══ SOURCE INFORMATION

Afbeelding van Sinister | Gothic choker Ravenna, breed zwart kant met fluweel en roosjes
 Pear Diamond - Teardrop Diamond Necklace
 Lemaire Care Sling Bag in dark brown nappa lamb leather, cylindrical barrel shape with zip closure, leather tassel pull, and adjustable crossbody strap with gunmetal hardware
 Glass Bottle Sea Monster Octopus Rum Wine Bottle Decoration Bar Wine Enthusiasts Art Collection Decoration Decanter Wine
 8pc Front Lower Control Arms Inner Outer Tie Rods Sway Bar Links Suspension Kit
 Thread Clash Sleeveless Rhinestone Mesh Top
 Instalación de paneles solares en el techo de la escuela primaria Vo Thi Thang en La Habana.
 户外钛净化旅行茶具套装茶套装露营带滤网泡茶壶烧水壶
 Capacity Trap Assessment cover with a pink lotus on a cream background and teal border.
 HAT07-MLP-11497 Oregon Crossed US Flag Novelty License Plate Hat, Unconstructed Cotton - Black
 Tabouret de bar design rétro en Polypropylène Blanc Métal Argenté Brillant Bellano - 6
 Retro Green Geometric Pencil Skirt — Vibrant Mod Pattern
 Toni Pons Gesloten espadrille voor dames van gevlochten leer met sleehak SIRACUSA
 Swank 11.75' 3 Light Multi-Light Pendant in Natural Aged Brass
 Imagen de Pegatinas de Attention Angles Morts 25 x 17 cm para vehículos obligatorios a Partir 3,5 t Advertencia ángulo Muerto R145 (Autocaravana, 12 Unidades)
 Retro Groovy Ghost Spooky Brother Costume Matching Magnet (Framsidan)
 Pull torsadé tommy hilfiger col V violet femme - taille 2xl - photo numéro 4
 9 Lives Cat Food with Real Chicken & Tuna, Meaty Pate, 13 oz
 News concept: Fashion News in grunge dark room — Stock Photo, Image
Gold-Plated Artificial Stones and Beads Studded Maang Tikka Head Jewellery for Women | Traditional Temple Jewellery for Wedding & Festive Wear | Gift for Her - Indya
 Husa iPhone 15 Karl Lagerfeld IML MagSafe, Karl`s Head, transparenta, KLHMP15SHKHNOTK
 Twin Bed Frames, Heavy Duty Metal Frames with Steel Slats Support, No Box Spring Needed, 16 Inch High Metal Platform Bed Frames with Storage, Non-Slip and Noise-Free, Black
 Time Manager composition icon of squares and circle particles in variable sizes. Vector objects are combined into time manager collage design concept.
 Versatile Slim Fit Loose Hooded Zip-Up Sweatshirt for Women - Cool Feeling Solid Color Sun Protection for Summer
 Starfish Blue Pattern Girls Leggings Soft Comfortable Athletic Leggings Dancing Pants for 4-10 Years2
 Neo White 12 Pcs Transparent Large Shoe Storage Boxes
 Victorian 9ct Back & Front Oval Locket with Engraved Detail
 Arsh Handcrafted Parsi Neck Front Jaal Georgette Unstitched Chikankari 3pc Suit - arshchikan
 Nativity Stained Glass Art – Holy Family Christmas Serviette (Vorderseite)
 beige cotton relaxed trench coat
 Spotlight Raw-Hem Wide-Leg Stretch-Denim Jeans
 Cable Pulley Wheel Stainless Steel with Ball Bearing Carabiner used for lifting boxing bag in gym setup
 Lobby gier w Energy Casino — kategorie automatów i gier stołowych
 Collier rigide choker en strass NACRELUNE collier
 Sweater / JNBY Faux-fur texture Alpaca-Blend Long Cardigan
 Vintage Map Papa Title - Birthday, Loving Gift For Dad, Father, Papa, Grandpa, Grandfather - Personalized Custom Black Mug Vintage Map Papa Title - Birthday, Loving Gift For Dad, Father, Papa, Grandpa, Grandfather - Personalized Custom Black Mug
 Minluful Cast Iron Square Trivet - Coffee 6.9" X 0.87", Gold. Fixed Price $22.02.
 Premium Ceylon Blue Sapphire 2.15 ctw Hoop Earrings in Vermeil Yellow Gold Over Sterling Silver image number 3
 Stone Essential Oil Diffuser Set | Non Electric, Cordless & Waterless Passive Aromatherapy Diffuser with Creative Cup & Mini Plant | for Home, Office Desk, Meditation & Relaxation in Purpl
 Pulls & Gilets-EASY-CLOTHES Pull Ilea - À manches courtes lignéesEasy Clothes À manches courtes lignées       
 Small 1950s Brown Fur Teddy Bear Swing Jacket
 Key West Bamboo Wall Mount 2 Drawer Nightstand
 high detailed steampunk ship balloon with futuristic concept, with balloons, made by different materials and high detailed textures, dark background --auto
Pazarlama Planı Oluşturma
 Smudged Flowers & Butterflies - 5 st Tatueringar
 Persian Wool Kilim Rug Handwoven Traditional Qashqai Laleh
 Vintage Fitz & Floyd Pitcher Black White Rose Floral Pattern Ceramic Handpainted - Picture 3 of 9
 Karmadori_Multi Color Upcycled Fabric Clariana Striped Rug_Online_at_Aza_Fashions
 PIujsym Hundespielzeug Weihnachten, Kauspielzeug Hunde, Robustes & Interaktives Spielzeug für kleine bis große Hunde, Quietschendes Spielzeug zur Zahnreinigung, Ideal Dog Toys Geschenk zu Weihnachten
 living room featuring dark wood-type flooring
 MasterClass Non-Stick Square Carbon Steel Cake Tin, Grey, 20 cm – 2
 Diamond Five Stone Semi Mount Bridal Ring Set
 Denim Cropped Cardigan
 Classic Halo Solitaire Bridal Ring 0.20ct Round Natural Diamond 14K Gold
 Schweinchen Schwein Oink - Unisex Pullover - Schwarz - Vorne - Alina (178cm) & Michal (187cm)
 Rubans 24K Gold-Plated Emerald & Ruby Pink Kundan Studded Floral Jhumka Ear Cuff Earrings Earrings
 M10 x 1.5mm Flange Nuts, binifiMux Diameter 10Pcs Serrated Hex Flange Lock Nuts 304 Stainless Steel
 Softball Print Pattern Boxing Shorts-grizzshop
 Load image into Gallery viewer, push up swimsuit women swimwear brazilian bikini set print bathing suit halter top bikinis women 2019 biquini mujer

════

* [YOUR TASK] Using the entries above, extract exactly the span from the line with "Time Manager composition" to the line with "Victorian 9ct Back", both lines included; leave out everything else.

* [ANSWER BELOW]
 Time Manager composition icon of squares and circle particles in variable sizes. Vector objects are combined into time manager collage design concept.
 Versatile Slim Fit Loose Hooded Zip-Up Sweatshirt for Women - Cool Feeling Solid Color Sun Protection for Summer
 Starfish Blue Pattern Girls Leggings Soft Comfortable Athletic Leggings Dancing Pants for 4-10 Years2
 Neo White 12 Pcs Transparent Large Shoe Storage Boxes
 Victorian 9ct Back & Front Oval Locket with Engraved Detail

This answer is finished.